TASK: Return the line containing "Costume 1500W" and every line after it through the end of the entries below, with no other lines.

INFORMATION PROVIDED:
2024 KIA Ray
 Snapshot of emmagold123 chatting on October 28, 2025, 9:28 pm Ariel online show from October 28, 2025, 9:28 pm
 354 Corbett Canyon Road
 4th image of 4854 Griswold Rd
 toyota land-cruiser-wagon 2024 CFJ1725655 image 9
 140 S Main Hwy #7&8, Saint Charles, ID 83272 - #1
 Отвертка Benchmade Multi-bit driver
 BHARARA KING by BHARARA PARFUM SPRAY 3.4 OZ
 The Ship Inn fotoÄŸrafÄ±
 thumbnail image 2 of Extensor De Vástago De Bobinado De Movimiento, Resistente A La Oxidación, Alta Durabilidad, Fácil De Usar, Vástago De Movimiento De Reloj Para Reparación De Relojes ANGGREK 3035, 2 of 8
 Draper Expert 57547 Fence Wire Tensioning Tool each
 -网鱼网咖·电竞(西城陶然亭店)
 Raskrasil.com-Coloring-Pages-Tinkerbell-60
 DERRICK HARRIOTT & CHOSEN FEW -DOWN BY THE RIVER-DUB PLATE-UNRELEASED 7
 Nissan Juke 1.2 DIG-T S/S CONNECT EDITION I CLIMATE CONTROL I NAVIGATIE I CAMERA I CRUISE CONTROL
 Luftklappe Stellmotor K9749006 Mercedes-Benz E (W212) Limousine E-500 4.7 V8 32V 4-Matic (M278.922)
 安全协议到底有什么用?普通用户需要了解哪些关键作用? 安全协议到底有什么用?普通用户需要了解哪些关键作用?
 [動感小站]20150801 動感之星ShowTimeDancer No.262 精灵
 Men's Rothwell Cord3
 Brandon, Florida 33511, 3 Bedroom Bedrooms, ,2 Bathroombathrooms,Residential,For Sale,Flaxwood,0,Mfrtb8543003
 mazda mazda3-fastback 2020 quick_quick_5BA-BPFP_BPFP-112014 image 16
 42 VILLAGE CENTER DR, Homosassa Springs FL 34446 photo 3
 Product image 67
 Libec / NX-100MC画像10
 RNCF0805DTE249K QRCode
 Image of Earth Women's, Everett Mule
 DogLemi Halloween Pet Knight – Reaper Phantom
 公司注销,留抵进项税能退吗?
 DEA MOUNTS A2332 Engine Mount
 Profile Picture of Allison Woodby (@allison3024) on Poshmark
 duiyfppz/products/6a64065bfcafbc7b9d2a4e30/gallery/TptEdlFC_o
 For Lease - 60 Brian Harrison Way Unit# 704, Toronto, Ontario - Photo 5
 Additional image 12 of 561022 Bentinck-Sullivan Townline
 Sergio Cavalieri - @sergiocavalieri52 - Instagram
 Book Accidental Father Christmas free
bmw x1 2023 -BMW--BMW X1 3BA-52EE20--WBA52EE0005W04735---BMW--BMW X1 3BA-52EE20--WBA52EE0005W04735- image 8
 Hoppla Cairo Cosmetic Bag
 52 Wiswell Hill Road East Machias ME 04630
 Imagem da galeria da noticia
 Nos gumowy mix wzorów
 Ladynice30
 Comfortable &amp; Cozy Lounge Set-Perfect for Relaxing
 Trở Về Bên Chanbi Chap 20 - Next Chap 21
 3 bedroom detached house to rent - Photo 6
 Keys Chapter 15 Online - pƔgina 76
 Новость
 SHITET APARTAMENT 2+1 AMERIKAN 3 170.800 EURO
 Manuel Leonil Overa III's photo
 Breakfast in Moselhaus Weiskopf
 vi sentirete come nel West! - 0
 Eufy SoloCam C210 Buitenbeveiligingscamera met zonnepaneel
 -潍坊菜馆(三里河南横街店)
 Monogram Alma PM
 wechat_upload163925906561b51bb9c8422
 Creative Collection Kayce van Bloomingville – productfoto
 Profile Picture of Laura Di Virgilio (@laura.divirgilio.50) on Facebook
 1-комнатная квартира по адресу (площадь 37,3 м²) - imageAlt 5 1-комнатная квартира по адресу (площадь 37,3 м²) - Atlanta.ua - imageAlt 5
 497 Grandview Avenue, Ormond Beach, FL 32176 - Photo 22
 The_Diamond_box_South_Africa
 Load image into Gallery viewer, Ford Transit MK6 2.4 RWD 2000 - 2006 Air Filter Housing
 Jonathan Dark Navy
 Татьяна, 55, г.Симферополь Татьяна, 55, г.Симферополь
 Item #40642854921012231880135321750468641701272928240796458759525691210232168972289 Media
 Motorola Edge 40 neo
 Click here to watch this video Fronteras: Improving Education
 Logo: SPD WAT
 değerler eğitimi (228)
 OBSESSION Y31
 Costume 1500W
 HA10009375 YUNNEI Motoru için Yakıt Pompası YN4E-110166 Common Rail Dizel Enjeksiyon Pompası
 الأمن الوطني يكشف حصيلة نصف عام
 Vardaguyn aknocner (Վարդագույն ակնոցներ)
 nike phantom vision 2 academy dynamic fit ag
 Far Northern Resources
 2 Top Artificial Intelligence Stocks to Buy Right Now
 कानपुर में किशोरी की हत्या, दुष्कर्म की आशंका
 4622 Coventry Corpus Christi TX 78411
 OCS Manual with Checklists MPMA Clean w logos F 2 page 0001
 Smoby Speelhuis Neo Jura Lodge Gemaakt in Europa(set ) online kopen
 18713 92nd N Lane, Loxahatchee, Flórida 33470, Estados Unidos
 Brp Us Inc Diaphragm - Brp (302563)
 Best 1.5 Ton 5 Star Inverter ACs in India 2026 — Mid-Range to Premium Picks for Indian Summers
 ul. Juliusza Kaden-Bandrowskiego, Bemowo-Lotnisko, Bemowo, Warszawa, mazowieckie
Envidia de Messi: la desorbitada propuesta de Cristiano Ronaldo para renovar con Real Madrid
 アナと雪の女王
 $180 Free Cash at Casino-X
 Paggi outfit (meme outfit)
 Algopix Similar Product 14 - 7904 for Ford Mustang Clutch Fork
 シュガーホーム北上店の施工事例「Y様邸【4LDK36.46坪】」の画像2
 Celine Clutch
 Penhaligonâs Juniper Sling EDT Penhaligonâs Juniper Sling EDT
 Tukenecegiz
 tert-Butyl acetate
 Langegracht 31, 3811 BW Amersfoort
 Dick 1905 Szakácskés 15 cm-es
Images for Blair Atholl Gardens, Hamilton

WRITTEN REPLY:
 Costume 1500W
 HA10009375 YUNNEI Motoru için Yakıt Pompası YN4E-110166 Common Rail Dizel Enjeksiyon Pompası
 الأمن الوطني يكشف حصيلة نصف عام
 Vardaguyn aknocner (Վարդագույն ակնոցներ)
 nike phantom vision 2 academy dynamic fit ag
 Far Northern Resources
 2 Top Artificial Intelligence Stocks to Buy Right Now
 कानपुर में किशोरी की हत्या, दुष्कर्म की आशंका
 4622 Coventry Corpus Christi TX 78411
 OCS Manual with Checklists MPMA Clean w logos F 2 page 0001
 Smoby Speelhuis Neo Jura Lodge Gemaakt in Europa(set ) online kopen
 18713 92nd N Lane, Loxahatchee, Flórida 33470, Estados Unidos
 Brp Us Inc Diaphragm - Brp (302563)
 Best 1.5 Ton 5 Star Inverter ACs in India 2026 — Mid-Range to Premium Picks for Indian Summers
 ul. Juliusza Kaden-Bandrowskiego, Bemowo-Lotnisko, Bemowo, Warszawa, mazowieckie
Envidia de Messi: la desorbitada propuesta de Cristiano Ronaldo para renovar con Real Madrid
 アナと雪の女王
 $180 Free Cash at Casino-X
 Paggi outfit (meme outfit)
 Algopix Similar Product 14 - 7904 for Ford Mustang Clutch Fork
 シュガーホーム北上店の施工事例「Y様邸【4LDK36.46坪】」の画像2
 Celine Clutch
 Penhaligonâs Juniper Sling EDT Penhaligonâs Juniper Sling EDT
 Tukenecegiz
 tert-Butyl acetate
 Langegracht 31, 3811 BW Amersfoort
 Dick 1905 Szakácskés 15 cm-es
Images for Blair Atholl Gardens, Hamilton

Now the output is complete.